The convergence theory for Schwarz methods developed in the decade past is useful for scalar linear problems of great variety: elliptic, parabolic, and hyperbolic, with uniform, anisotropic, and inhomogeneous coefficients. However, the problems slated for solution on teraflop-scale machines are multicomponent and nonlinear. A condition number estimate for a single linearization is inadequate to account for the evolving character of linear subiterations in a nonlinear solution process.
Software libraries for PDEs developed in the pre-object oriented era are wonderful for packaging algorithmic and applications domain expertise for production users, and the ``natural'' role for libraries seems even greater on parallel production facilities.

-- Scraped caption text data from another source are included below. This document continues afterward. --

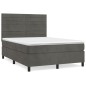 vidaXL Boxspringbett mit Matratze Dunkelgrau 140x200 cm Samt vidaXL Boxspringbett mit Matratze Dunkelgrau 140x200 cm Samt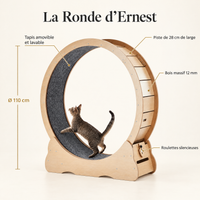 Caractéristiques de La Ronde d'Ernest : diamètre 110 cm, piste de 28 cm, bois massif 12 mm, roulettes silencieuses, tapis amovible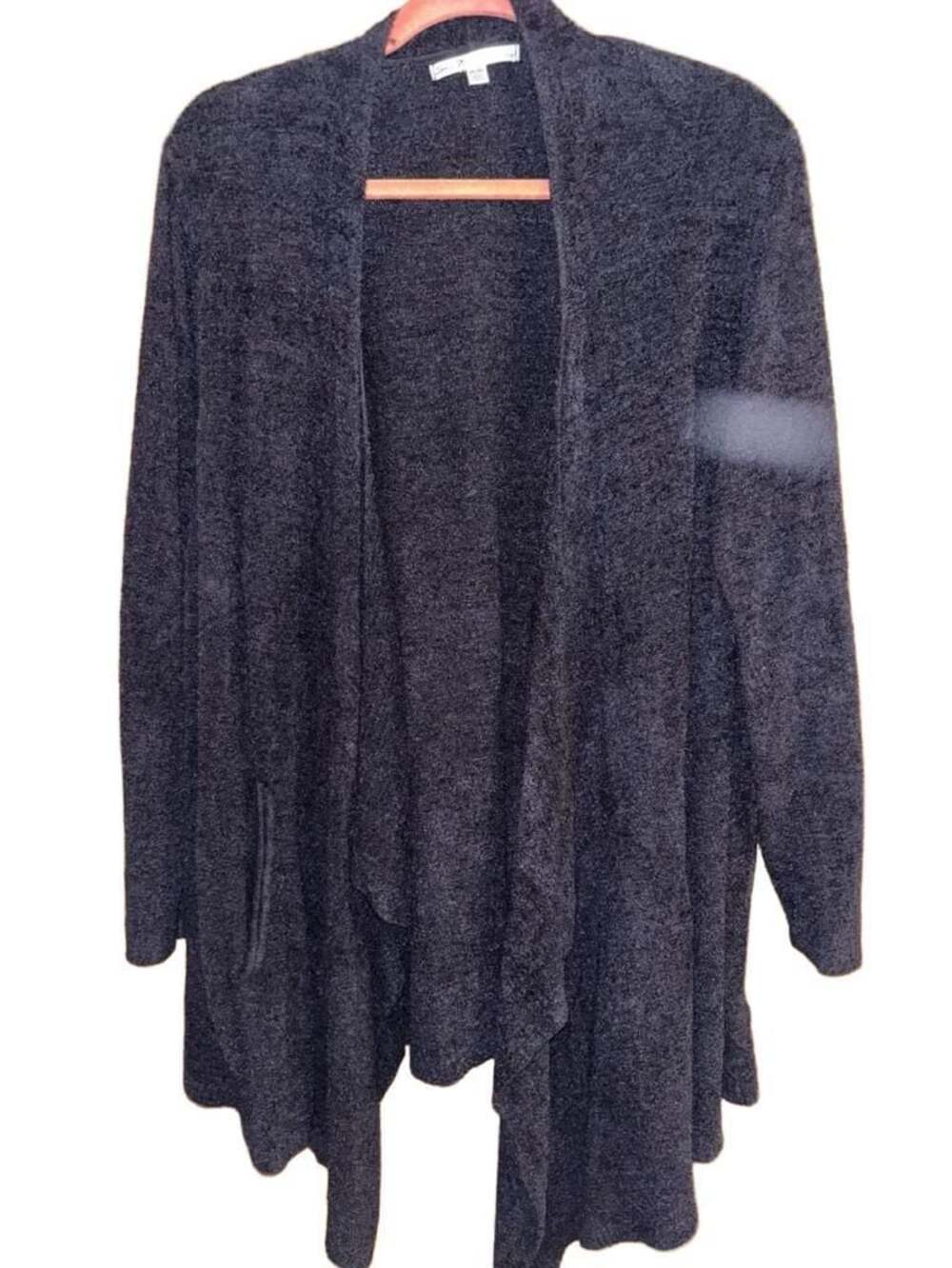 Seven7 Women's Open Front Draped Cardigan Fuzzy Knit Black XXL
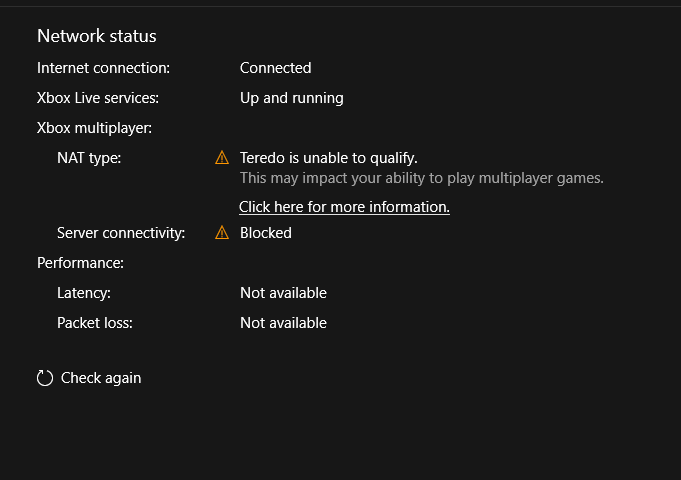 Xbox teredo error message
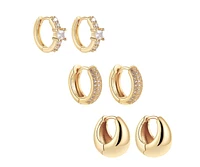 Dainty Huggie Hoop Earrings -3 Pairs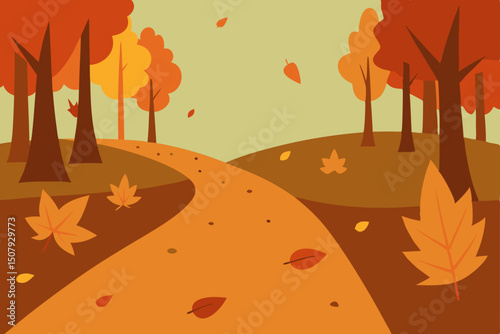 autumn landscape with trees and leaves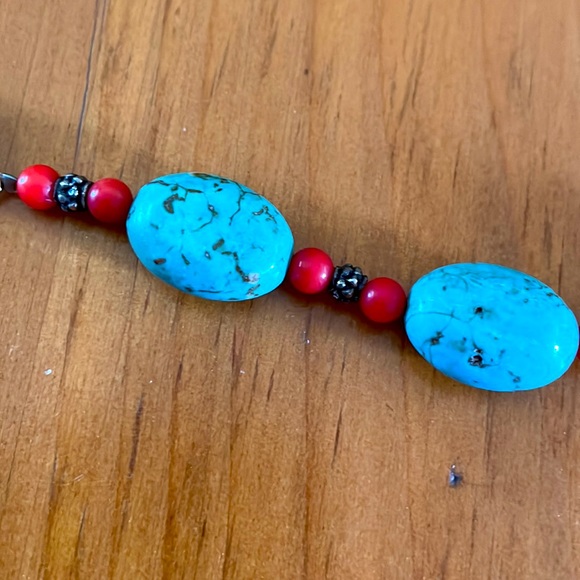 Faux Turqoise and Red Beaded Set - Picture 2 of 2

However, libraries (and some parallel language constructs) created on the presumption that their data structures (and parallel distributions thereof) can be targeted by the calling program, are inadequate for multiphysics or multi(-computational-)phase problems in which computational work per data structure element is not uniform in time.
For all of these reasons, and more, it is difficult to combine performance results on a single application with convergence and parallel efficiency estimates to extrapolate the scalability of domain decomposition algorithms to many of the practical problems that have been invoked to motivate their development. Familiarity with existing performance models, theories, and software libraries becomes even more important in this brave new world, however, since a variety of different regimes must be pieced together. Decomposition by domain remains a useful framework in which to handle the integrated problem, as will be argued through real and proximately imaginable case studies.
This talk draws upon collaborations with several collaborators in an NSF Multidisciplinary Computing Challenge project.